Free Regular Expressions

by Tony Stubblebine

Related link: http://www.regexlib.com/



The fine coders at RegExLib have
developed a collection of incomprehensible code snippets - and they're giving
them away for free. That's right, free regular expressions.



RegExLib is a library of 900+ regular expressions contributed by a
community of regex loyalists. Each is
organized by function (like URI or Email) and rated by visitors.



Your job isn't just cut-n-paste, you'll likely have to choose from several
similar regexes. Each regex comes with examples matches and non-matches so
that you can see the author's intentions, see how liberal the match is, and
see which edge cases are or aren't covered. These example matches should help
you find a regex that's close to your needs.

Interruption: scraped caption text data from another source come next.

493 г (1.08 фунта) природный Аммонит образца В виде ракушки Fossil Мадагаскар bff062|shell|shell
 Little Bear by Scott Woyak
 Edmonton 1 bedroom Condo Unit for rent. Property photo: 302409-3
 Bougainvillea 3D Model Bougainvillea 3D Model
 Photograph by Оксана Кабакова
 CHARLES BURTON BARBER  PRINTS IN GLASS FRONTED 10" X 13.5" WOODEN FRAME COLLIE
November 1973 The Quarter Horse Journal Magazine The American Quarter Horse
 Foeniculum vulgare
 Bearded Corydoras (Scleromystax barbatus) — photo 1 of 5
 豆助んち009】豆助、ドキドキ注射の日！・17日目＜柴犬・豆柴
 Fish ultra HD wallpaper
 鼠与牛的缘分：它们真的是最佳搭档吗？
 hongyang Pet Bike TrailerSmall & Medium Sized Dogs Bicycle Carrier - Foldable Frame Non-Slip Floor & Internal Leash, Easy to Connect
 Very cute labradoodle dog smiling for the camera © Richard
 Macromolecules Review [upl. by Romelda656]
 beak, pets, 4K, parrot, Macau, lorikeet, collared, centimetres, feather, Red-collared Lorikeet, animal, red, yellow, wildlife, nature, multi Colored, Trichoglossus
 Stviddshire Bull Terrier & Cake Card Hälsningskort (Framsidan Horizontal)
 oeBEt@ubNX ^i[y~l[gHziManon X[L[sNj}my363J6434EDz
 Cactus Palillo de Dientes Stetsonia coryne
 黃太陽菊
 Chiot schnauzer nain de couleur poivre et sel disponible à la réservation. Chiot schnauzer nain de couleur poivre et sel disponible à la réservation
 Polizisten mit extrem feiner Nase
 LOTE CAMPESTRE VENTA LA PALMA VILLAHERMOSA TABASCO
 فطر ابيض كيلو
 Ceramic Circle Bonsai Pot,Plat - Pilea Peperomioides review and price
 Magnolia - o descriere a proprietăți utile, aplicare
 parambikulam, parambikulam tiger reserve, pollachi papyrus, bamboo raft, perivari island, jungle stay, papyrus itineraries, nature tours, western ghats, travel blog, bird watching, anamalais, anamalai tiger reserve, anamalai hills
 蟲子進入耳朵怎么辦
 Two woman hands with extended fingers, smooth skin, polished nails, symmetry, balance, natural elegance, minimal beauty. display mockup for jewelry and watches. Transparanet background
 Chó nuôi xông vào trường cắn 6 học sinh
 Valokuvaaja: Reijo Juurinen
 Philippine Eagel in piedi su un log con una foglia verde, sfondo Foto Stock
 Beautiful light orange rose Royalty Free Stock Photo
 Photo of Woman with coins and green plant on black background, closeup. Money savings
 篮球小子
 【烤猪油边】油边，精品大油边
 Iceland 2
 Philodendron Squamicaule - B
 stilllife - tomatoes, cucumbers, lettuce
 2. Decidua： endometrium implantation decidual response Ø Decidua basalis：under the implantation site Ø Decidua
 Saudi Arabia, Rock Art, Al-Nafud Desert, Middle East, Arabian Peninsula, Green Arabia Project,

The example matches aren't exhaustive, so you should definitely test the regex
against your own data. You'll be aided by the site's helpful testing feature.
Each regex links off to a testing page where you can run the regex against
your own test matches.



Most of the contributors are also enthusiastic regex bloggers,
http://blogs.regexadvice.com.

Two more things to note. First, the regular expressions don't have an
explicit license, only this href="http://blogs.regexadvice.com/dneimke/archive/2004/12/07/1971.aspx">statement
of free use. Second, there's a .NET bias to the site, but since .NET uses
a Perl compatible regular expression syntax you should be able to reuse the
code in any other Perl compatible implementation.



5 Comments

merlyn
2005-03-08 21:00:26
Discovered this site last week - it's JUNK
I've subscribed to the RSS feed just so I can be the first to comment about how broken each regex is.


If anything, do the same, but don't use anything from the site. They're mostly broken, or don't work as advertised.

tonystubblebine
2005-03-08 22:01:36
JUNK like practically every other regex written.
I'd say that's true for most regex.


There's a couple things I really like about the site: listing of matches and non-matches, and encouragement for testing.


I see a lot of code like this:



if ($data =~ m/.../) { do_something(); }


There's no indication of what the regex is supposed to match, let alone why or what edge cases are important. That coupled with the number of broken regexes in the wild is killer.


As for testing, I'd trust an average coder to write 10 lines of simple code that ran correctly with minimal testing. I wouldn't trust a 10 character regex no matter who wrote it unless the testing was pretty thorough.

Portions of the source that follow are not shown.